LED Question

Foody

New member
I am looking at a 72x3 watt, 48 inch LED fixture to put over my 55gal. Can anyone tell me how the energy consumption of this fixture would compare to my current 36", 4 bulb, 156 watt T-5 fixture? My current fixture costs me about $1.50 per day or $45-$50 monthly. Thanks!
 
Well, if the LED setup you're looking at contains quality LED's, first off you're talking a bigtime increase in light over the tank. Like double or triple the amount of PAR, perhaps more depending on how they're arranged over the 55. 72 lamps over a 48x12" footprint is a significant amount. If you want an energy efficiency comparison, you'd need to compare to at least 6x54watt T5 or at least dual 175watt metal halides (more like dual 250s IMO). Furthermore your T5 fixture is not 100% efficient. Four 39watt lamps make you think 156 watts, but you loose efficiency in creating the proper voltages to drive the lamps within the ballast. If it's electronic, somewhere around the 15% loss, if it's magnetic, more like 30%. So your fixture is techincally drawing somewhere in the neighborhood of 180-200 watts from the wall.
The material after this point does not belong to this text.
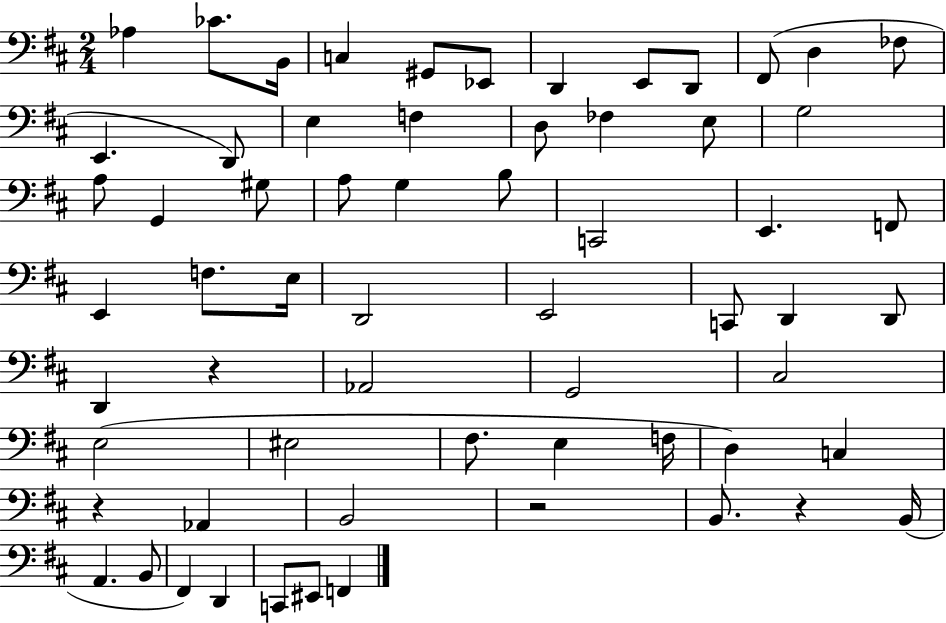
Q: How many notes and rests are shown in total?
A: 63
Not sure where/how you're getting the $1.50 per day, that seems high even estimating 156watts for 8 hours per day.

Ultimately to answer your question, your current fixture is drawing 180-200watts from the wall. The LED's would draw ~260watts from the wall while a dual 175 halide setup would draw ~420 watts, and a dual 250 halide would draw at least 600 watts. I used to have a dual 175watt halide setup over my 65g (36x18" footprint). I upgraded to 72 LEDs. My PAR values with the halides were ~300 at the surface and ~80 at the sand. With the LED's, I've got ~500 at the surface (highly variable though being so close to the lamps) and ~150 at the sand. That's why I suggest that 72 3-watt lamps is more like a dual 250 setup when comparing LIGHT.
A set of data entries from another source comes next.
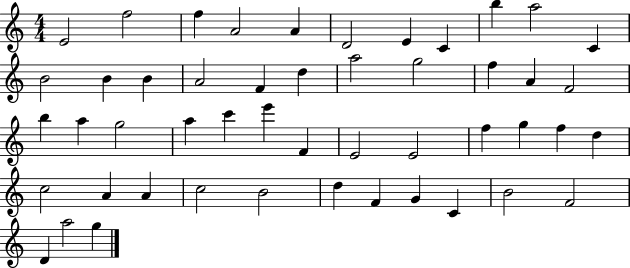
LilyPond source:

{
  \clef treble
  \numericTimeSignature
  \time 4/4
  \key c \major
  e'2 f''2 | f''4 a'2 a'4 | d'2 e'4 c'4 | b''4 a''2 c'4 | \break b'2 b'4 b'4 | a'2 f'4 d''4 | a''2 g''2 | f''4 a'4 f'2 | \break b''4 a''4 g''2 | a''4 c'''4 e'''4 f'4 | e'2 e'2 | f''4 g''4 f''4 d''4 | \break c''2 a'4 a'4 | c''2 b'2 | d''4 f'4 g'4 c'4 | b'2 f'2 | \break d'4 a''2 g''4 | \bar "|."
}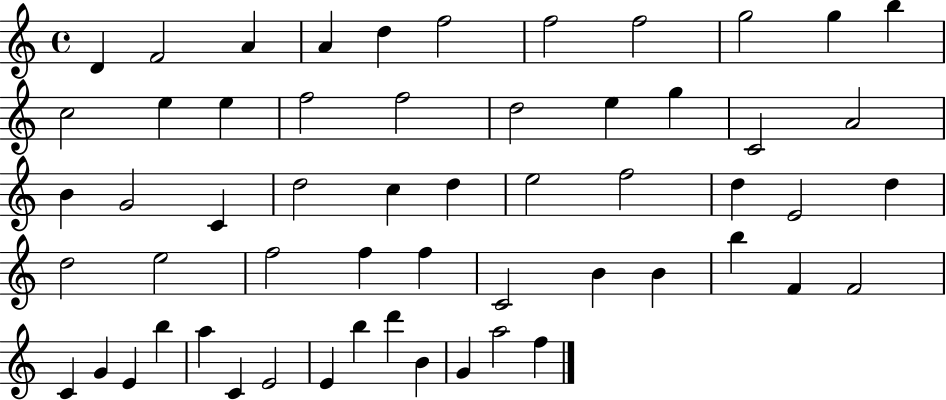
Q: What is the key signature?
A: C major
The discussion is never simple :)
 
Slightly more money, more than double the light for your corals. If you wanted the same amount of light, you could go with a fixture with fewer LED's
 
You can contact your power company to find out what they are charging you per kilowatthour, if you want more accurate estimates. It's pretty simple math from there. Should be somewhere around $.15 per kwhr
 
The money savings really comes in the way of bulb changing. I built my 6' LED fixture for under 1000. Which is cheaper than any non-LED facotry light alone. But had I gone with a standard 8 x 39w and 3 x 250w. That would be 350 in light bulbs every 10 months.